U.S. & U.K. Conceal Intelligence Failures Before 9/11
Davis said that in 1998 the FBI seized upon an opportunity to eavesdrop on every landline and telephone call into and out of Afghanistan in a bid to build intelligence on the Taliban. The Bureau discovered that the Taliban regime had awarded a major telephone network contract to a joint US-UK venture, run by an American entrepreneur, Ehsanollah Bayat and two British businessmen, Stuart Bentham and Lord Michael Cecil.

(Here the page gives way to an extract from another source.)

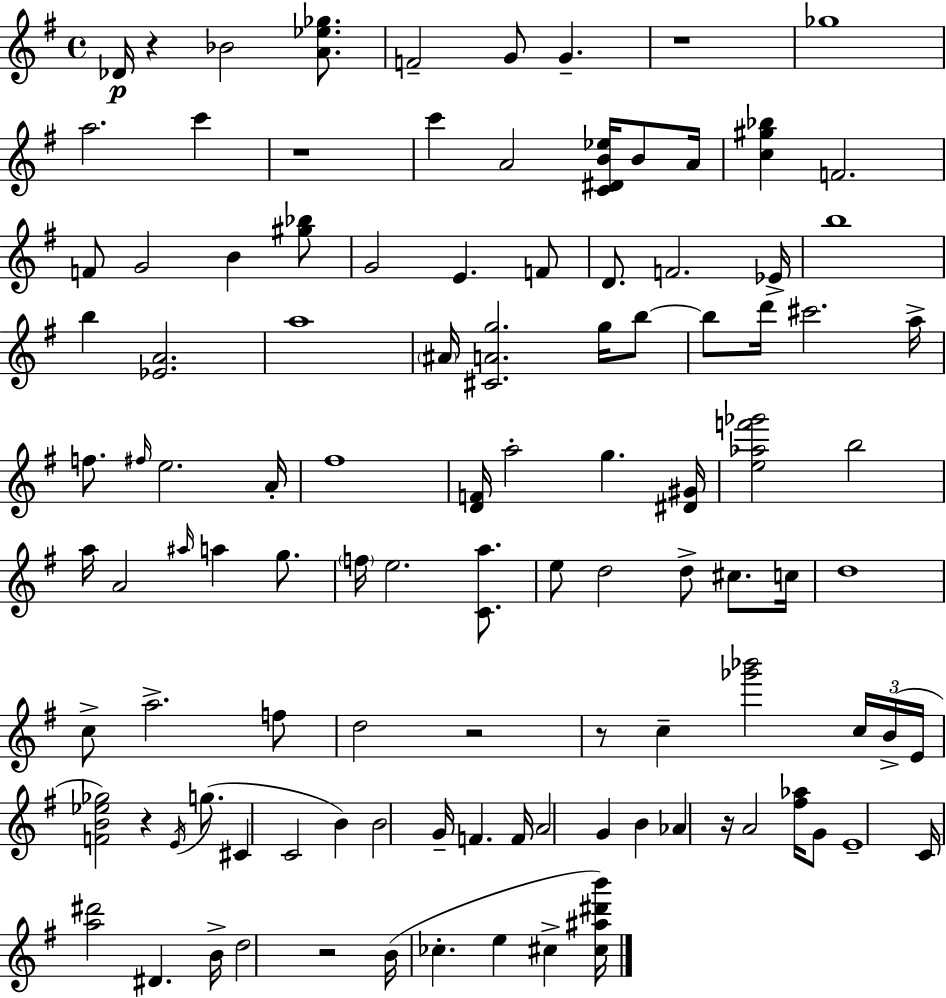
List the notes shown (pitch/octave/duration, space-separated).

“The plan was simple” Davis said. “Because the Taliban wanted American equipment for their new phone network, this would allow the FBI and NSA, the National Security Agency, to build extra circuits into all the equipment before it was flown out to Afghanistan for use. Once installed, these extra circuits would allow the FBI and NSA to record or listen live to every single landline and mobile phone call in Afghanistan. The FBI would know the time the call was made and its duration. They would know the caller’s name, the number dialled, and even the caller’s PIN.”
But the plan, Operation Foxden, was delayed by a turf war, during which “the FBI and the CIA spent more than a year fighting over who should be in charge”, he said.
The operation was eventually given the green light on 8 September 2001 – three days before the al-Qaida attacks. “A huge opportunity was missed,” Davis said.